In the last few years, drones have become a household word — first as robotic weapons of war in the Middle East, then for domestic surveillance and even package delivery. But Rick thinks the biggest threat comes from you and me — ordinary folks who fly drones as a hobby or a pastime. Should drones be regulated, licensed, or outright banned? Dave and Rick don’t see eye to eye on the topic.
Once a month, eHow Tech editor Dave Johnson faces off against Rick Broida, who writes about technology for CNET, PC World, and Wired. Follow along as they tackle this question from opposing corners.
Dave: I know where you’re going with this topic, so forgive me for rolling my eyes at you before you even lay out your initial argument. I have two drones right now — the Parrot AR Drone 2.0 and the DJI Phantom FC40. They are easy to fly (unlike the twitchy radio-controlled planes and helicopters I grew up on), let you be an amateur aerial filmmaker, and are reasonably affordable. They are incredibly fun. They’re a toy that both kids and adults can share. And they are science fiction come to life. What’s not to like? Oh, wait, I can see you about to find some things to grouse about.
Rick: Well, obviously. Your powers of deduction are staggering. Can you also figure out which area of the sky the sun will appear in tomorrow morning? As it happens, I own the same two drones as you, along with the comparatively tiny Hubsan X4 H107. And I agree: they’re ridiculously fun. But a couple recent experiences got me thinking about the dangers of these things, like what happens if a helicopter blade slices someone’s neck. Or an out-of-control drone falls from the sky on someone’s head. Such accidents will happen, and as more people buy these “toys,” they’ll happen more often. Not to get all Chicken Little on you, but the sky will literally be falling.

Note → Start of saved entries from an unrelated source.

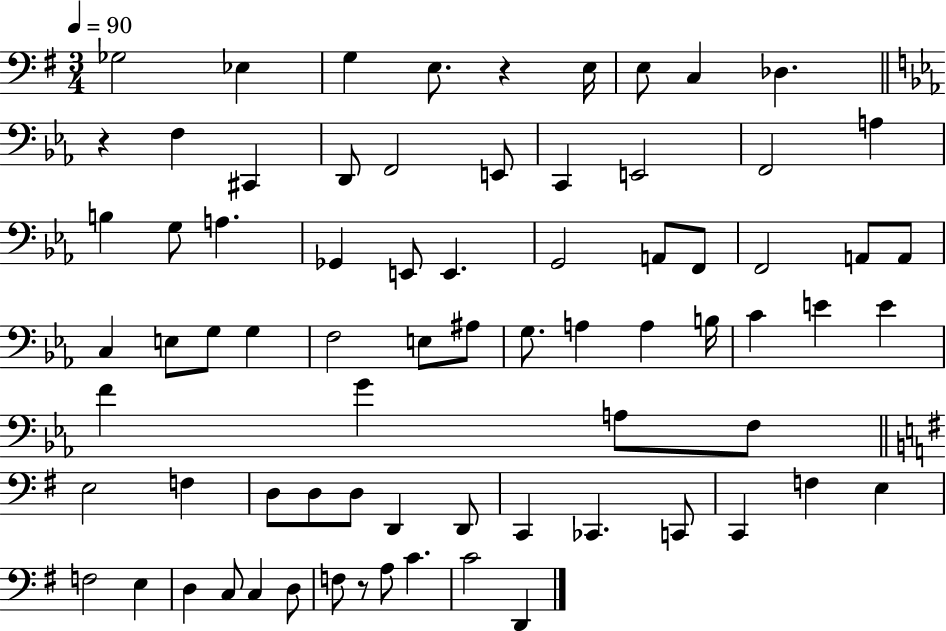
{
  \clef bass
  \numericTimeSignature
  \time 3/4
  \key g \major
  \tempo 4 = 90
  ges2 ees4 | g4 e8. r4 e16 | e8 c4 des4. | \bar "||" \break \key ees \major r4 f4 cis,4 | d,8 f,2 e,8 | c,4 e,2 | f,2 a4 | \break b4 g8 a4. | ges,4 e,8 e,4. | g,2 a,8 f,8 | f,2 a,8 a,8 | \break c4 e8 g8 g4 | f2 e8 ais8 | g8. a4 a4 b16 | c'4 e'4 e'4 | \break f'4 g'4 a8 f8 | \bar "||" \break \key e \minor e2 f4 | d8 d8 d8 d,4 d,8 | c,4 ces,4. c,8 | c,4 f4 e4 | \break f2 e4 | d4 c8 c4 d8 | f8 r8 a8 c'4. | c'2 d,4 | \break \bar "|."
}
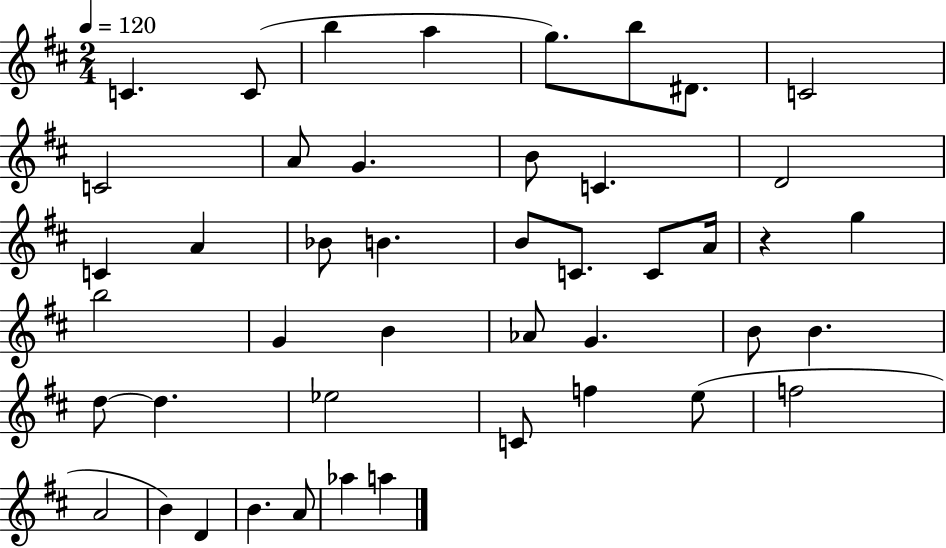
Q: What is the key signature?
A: D major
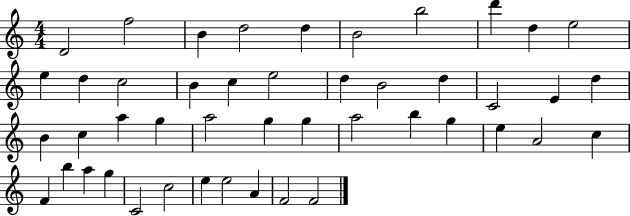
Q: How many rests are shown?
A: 0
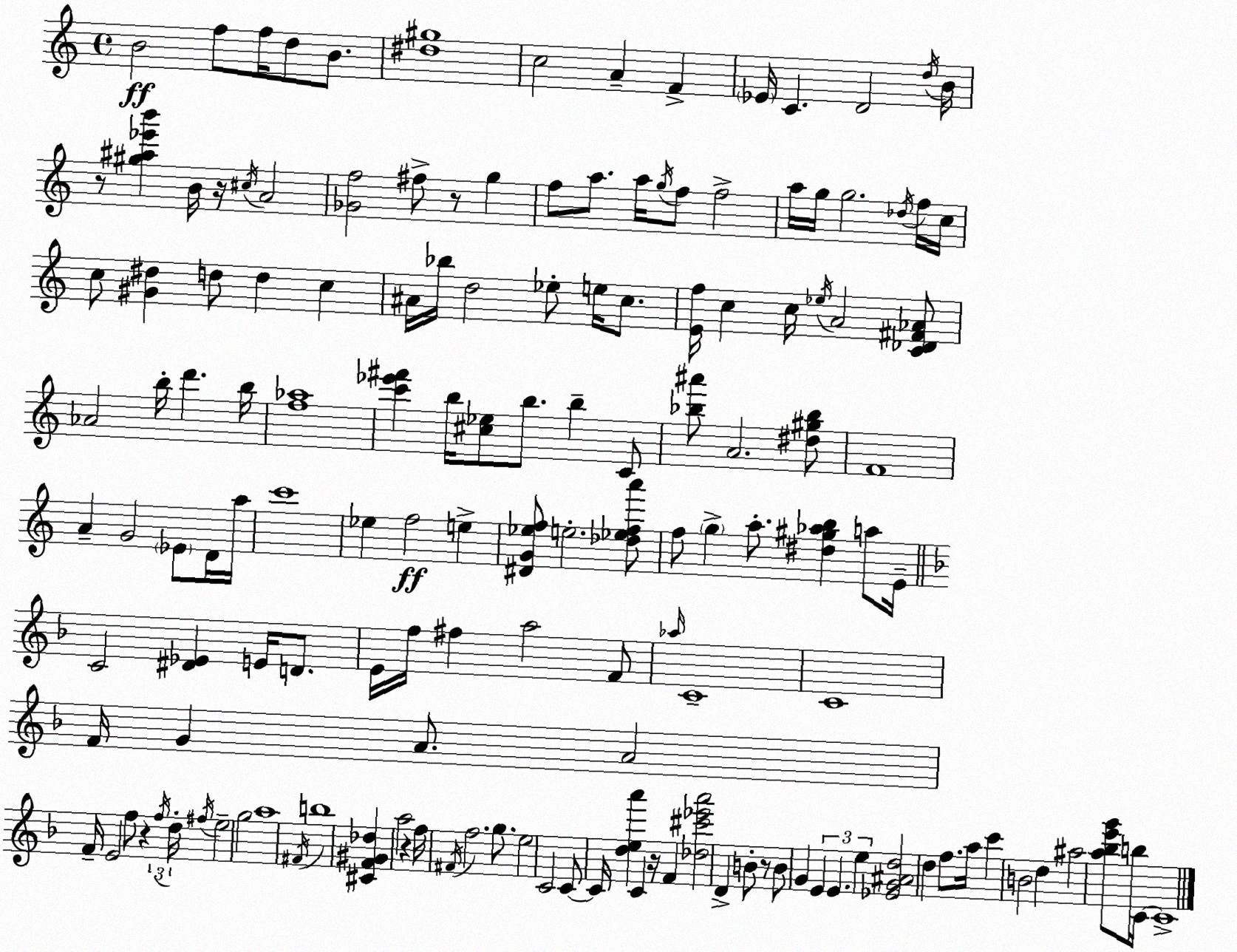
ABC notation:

X:1
T:Untitled
M:4/4
L:1/4
K:Am
B2 f/2 f/4 d/2 B/2 [^d^g]4 c2 A F _E/4 C D2 d/4 B/4 z/2 [^g^a_e'b'] B/4 z/4 ^c/4 A2 [_Gf]2 ^f/2 z/2 g f/2 a/2 a/4 g/4 f/2 f2 a/4 g/4 g2 _d/4 f/4 c/4 c/2 [^G^d] d/2 d c ^A/4 _b/4 d2 _e/2 e/4 c/2 [Ef]/4 c c/4 _e/4 A2 [C_D^F_A]/2 _A2 b/4 d' b/4 [f_a]4 [c'_e'^f'] b/4 [^c_e]/2 b/2 b C/2 [_b^a']/2 A2 [^d^g_b]/2 F4 A G2 _E/2 D/4 a/4 c'4 _e f2 e [^DG_ef]/2 e2 [_d_efa']/2 f/2 g a/2 [^d^g_ab] a/2 E/4 C2 [^D_E] E/4 D/2 E/4 f/4 ^f a2 F/2 _a/4 C4 C4 F/4 G A/2 A2 F/4 E2 f/2 z f/4 d/4 ^f/4 e2 g2 a4 ^F/4 b4 [^CF^G_d] a2 z f/4 ^F/4 f2 g/2 e2 C2 C/2 C/4 [dea'] C z/4 F [_d^c'_e'a']2 D B/2 z/2 B/2 G E E e [_EG^Ad]2 d f/2 a/4 c' B2 d ^a2 [a_be'g']/2 b/4 C/4 C4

Dave: For the love of… oh, Rick. Really? Radio-controlled airplane and helicopter enthusiasts have contended with spinning blades for about 75 years now. I am unaware of any truly serious R/C injuries in all those years. Your example of a blade slicing someone’s neck: How would that happen, exactly? It seems unlikely, to say the least, and odds are good that the motors would stall before inflicting any serious damage, even if you how managed to maneuver a drone into the danger zone. And a drone falling from the sky on someone’s head — again, is this really the best you have? In addition to the almost supernaturally high odds against such an accident ever happening, these toy drones are just too light to hurt anyone. The Parrot AR Drone, for example, weighs about 400 grams. You could drop that from orbit and it wouldn’t hurt anyone, especially since these vehicles simply don’t “fall out of the sky.” Even if the battery dies in flight, the rotors power down slowly as the battery charge drops, which means the drone lands more or less safely, even if you fly it recklessly until it runs out of power. You are literally making something out of nothing.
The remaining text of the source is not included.